Special Issue Information

Dear Colleagues,

There is a rich academic discussion of the various relationships between religion and violence. However, there is relatively little that engages in-depth on the intersection between violence and the secular. These two discussions have largely proceeded in parallel. There are extensive debates about what “the secular” is as a Protestant-infused socially constructed category whose relevance and explanatory power for a wide range of case studies around the world is by no means settled. Further, there are extensive debates around how to define forms of violence and grey areas between its many forms such as war, terrorism, crime, domestic abuse and what Galtung calls structural violence. This Special Issue provides an opportunity to bring these two strands of discussion together. Violence is one lens through which to ask what, if anything, is (are) the secular(s)? and, in turn, what does considering questions of religion and the secular offer to our understanding of political violence?

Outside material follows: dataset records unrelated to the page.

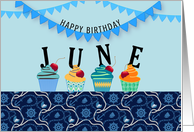 Cupcakes for June Birthday Month card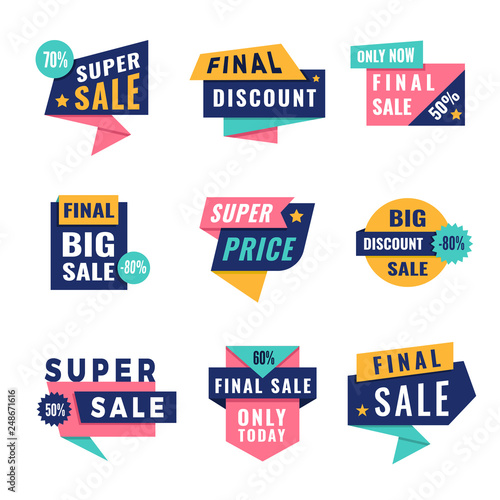 Promo badges. Offers big discount labels for advertising vector template with place for text. Illustration of discount offer, promo banner advertising
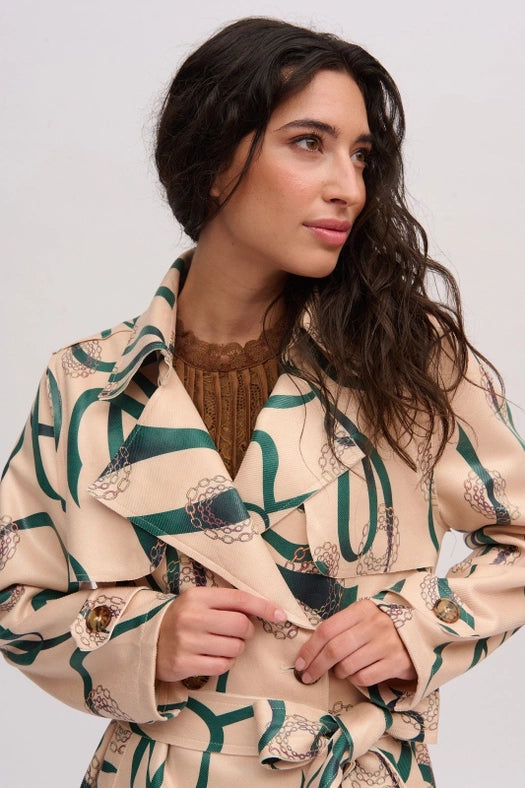 Printed Faux Leather Trench Coat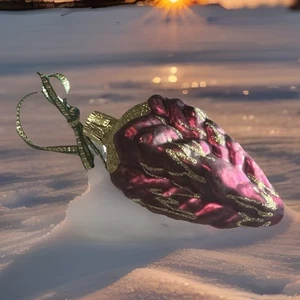 Vintage Rose Bud Glass Ornament Elegant Gold Cap Christmas Tree Decor 3.5" - Picture 1 of 9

This Special Issue seeks contributions that engage in an empirically rich, theoretically lively way with intersections of violence in all its forms, religious traditions, and questions about the secular. It seeks to bring together scholars working across social science and humanities disciplines. It seeks to bring together comparative case studies from around the world, including cases where the relevance of “the secular” as a useful conceptual category is questioned.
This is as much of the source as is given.